Environmental, social and governance funds do little to drive change, largely because they rely on ESG rankings and other data that set the bar for good corporate citizenship “abysmally low”, research suggests.
Most sustainability funds, and the data underpinning them, focus on relative performance of metrics based on self-reported data, rather than on the absolute impact of their business activities on social or environmental goals, according to a report published last week from Util, a London-based fintech, that crunches publicly disclosed data to measure impact on sustainability goals.
As a result, sustainable funds look like and impact the world much like “vanilla funds”, the report noted. “Sustainable funds perform a little less badly, but the net impact is still bad,” it said.

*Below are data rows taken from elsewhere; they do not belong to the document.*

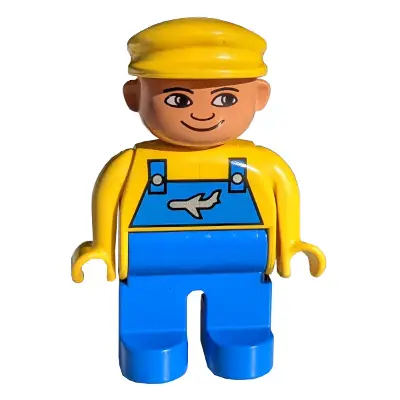 Duplo Figure, Male, Blue Legs, Yellow Top with Blue Overalls with Airplane, Yellow Cap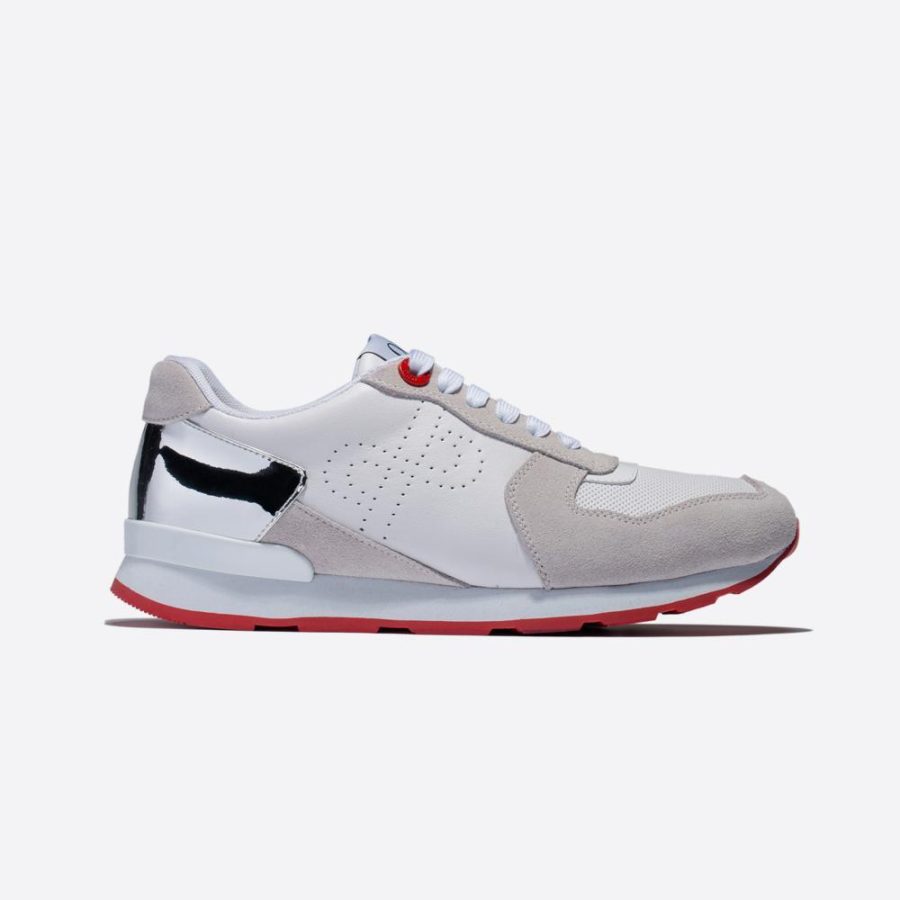 opp france Lace-Up Suede Sneakers White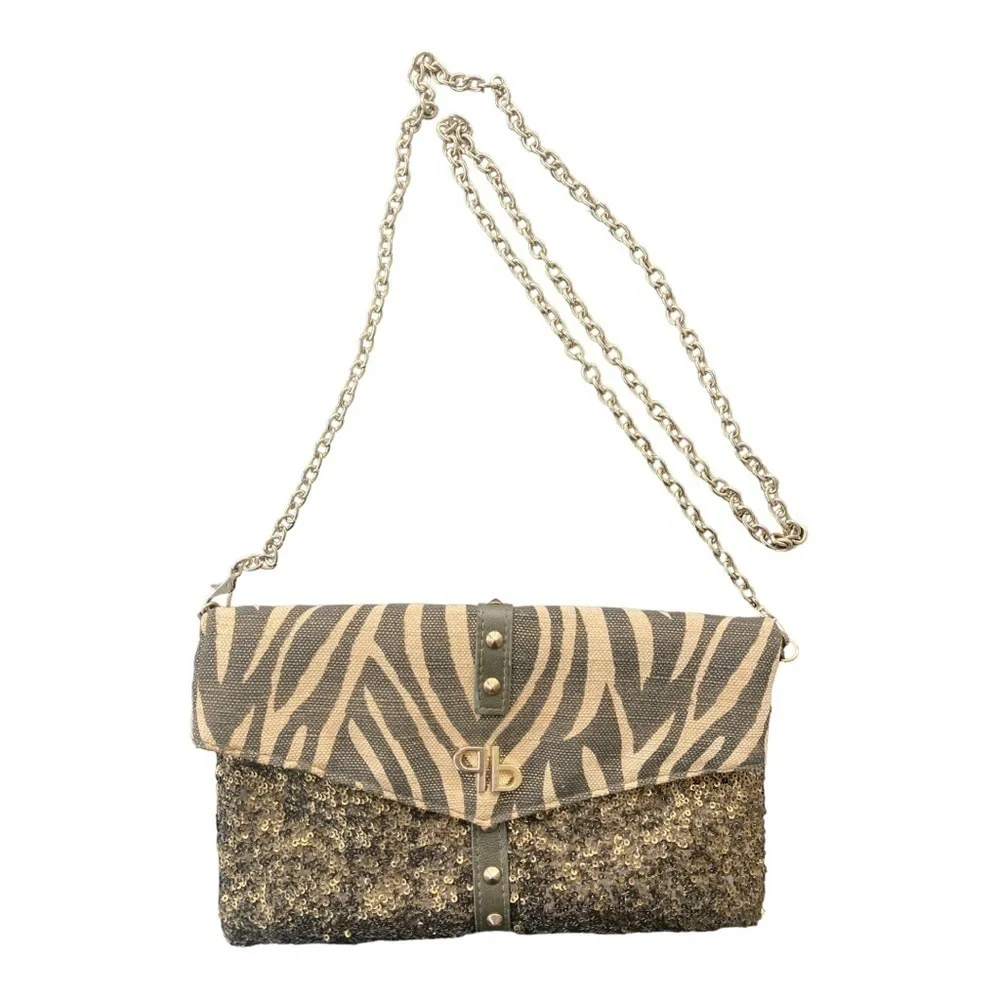 Pinko Shoulder Bag Clutch Animal Print and Sequins with Goldtone Chain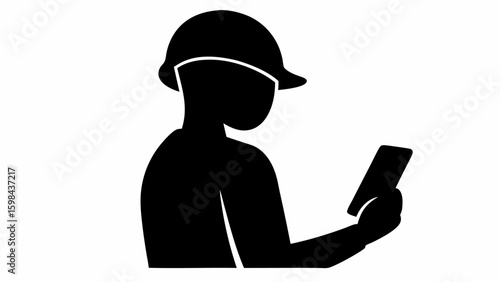 Silhouette of a worker with hardhat using a phone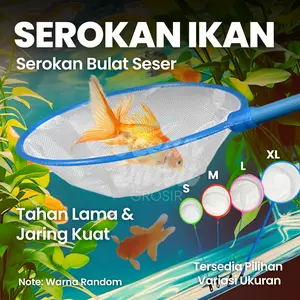 Seser Aquarium Serokan Halus Jaring Bulat Kecil Saringan Serok Kotoran Ikan Artemia Cupang Kutir Kutu Air Akuarium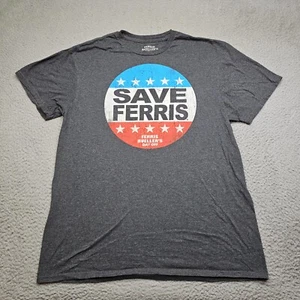Ferris Bueller Hemd Erwachsene Large grau kurzarm Save Ferris Rundhals Herren - Bild 1 von 13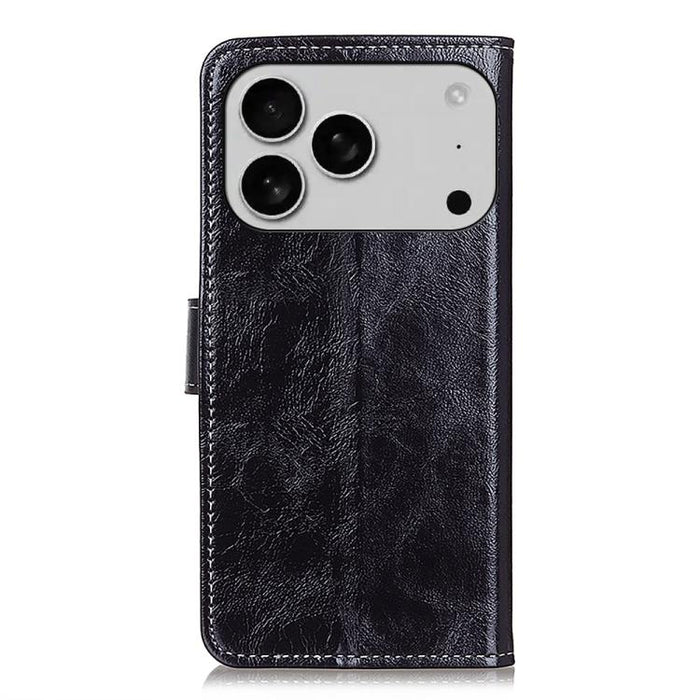 Estuche para teléfono de cuero con tapa horizontal y textura de caballo loco retro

The report is one of a string of recent studies to claim that ESG product providers focus more on looking the part than on effecting meaningful change.
However, some managers of ESG or sustainable funds argue that it is difficult to translate data and strategies into tangible outcomes that investors can appreciate.
“Our profession doesn’t do a very good job of working through ambiguity,” said Ethan Powell, chief executive of Impact Shares, which teams up with organisations including the NAACP and YWCA to offer social-outcome-oriented ETFs.
A lot of managers are not “intellectually honest with themselves” about the impact that they are capable of delivering, he added. Instead of dismissing ESG investing outright, asset managers and investors should assess the appropriate level of social and environmental impact for each dollar invested “and have a conversation about how they want their capital to influence the trajectory of the world around them,” he said.
The problem, according to Util’s data, is that sustainable funds do not have much positive impact on an absolute basis.
The average sustainable fund scored 3 on a scale of negative 100 to 100 on performance against the United Nations’ 17 Sustainable Development Goals, which were established in 2015.
The goals include targets for climate action, responsible consumption, gender equality and ending hunger and poverty.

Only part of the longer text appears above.